En revanche, le tribunal fait droit partiellement à la demande relative au sinistre du 29 octobre 2018. L’assureur avait déduit 749 euros correspondant à une prestation prétendument facturée deux fois ainsi qu’un coefficient de vétusté de 279,20 euros. Le tribunal relève qu’« il n’existe cependant aucun élément corroborant le bienfondé d’une telle déduction » et que l’assureur ne produit aucune pièce justifiant l’application d’un coefficient de vétusté « à un matériel neuf ». Cette solution rappelle que l’assureur qui entend réduire l’indemnité due doit justifier les déductions qu’il opère.
B. L’encadrement de la résiliation unilatérale par l’assureur
L’assuré contestait la régularité de la résiliation intervenue le 13 janvier 2022 pour effet au 31 mars 2022. Il invoquait le non-respect du délai d’un an prévu par l’article L. 113-12 du code des assurances, estimant qu’un avenant signé le 8 décembre 2021 avait fait courir un nouveau délai.
Le tribunal rejette cette argumentation en énonçant que « la conclusion d’un avenant ne vaut pas conclusion d’un nouveau contrat faisant courir un nouveau délai d’un an avant que soit ouverte la faculté de le résilier par l’assureur ». Cette solution, conforme à la nature juridique de l’avenant qui modifie un contrat préexistant sans le novater, préserve la faculté de résiliation de l’assureur.
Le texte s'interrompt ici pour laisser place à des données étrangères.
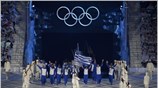 Η ελληνική αποστολή μπήκε πρώτη στο στάδιο με τον 45χρονο Θανάση Τσακίρη, ...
L’avenant ne crée pas un nouveau rapport contractuel mais aménage les stipulations d’une convention déjà en cours d’exécution.
Sur la motivation de la résiliation, le tribunal adopte une approche pragmatique. L’article L. 113-12-1 du code des assurances impose que la résiliation unilatérale par l’assureur soit motivée. La lettre du 13 janvier 2022 indiquait que la résiliation visait à « préserver l’équilibre de la mutuelle dans l’intérêt de l’ensemble des sociétaires » et que « l’analyse de votre contrat nous contraint à ne pas reconduire votre contrat ». Le tribunal considère que cette lettre « contient en réalité les motifs de l’assureur pour rompre le contrat », la décision ayant été prise « en raison du nombre de sinistres importants déclarés en moins de trois ans ».
Cette appréciation souple de l’obligation de motivation mérite d’être relevée. Le tribunal se satisfait d’une motivation implicite déduite du contexte factuel. Cette position pourrait être discutée au regard de l’objectif de protection de l’assuré poursuivi par l’exigence de motivation. La transparence des motifs permet en effet à l’assuré d’apprécier le bien-fondé de la décision et d’exercer utilement son droit de contestation.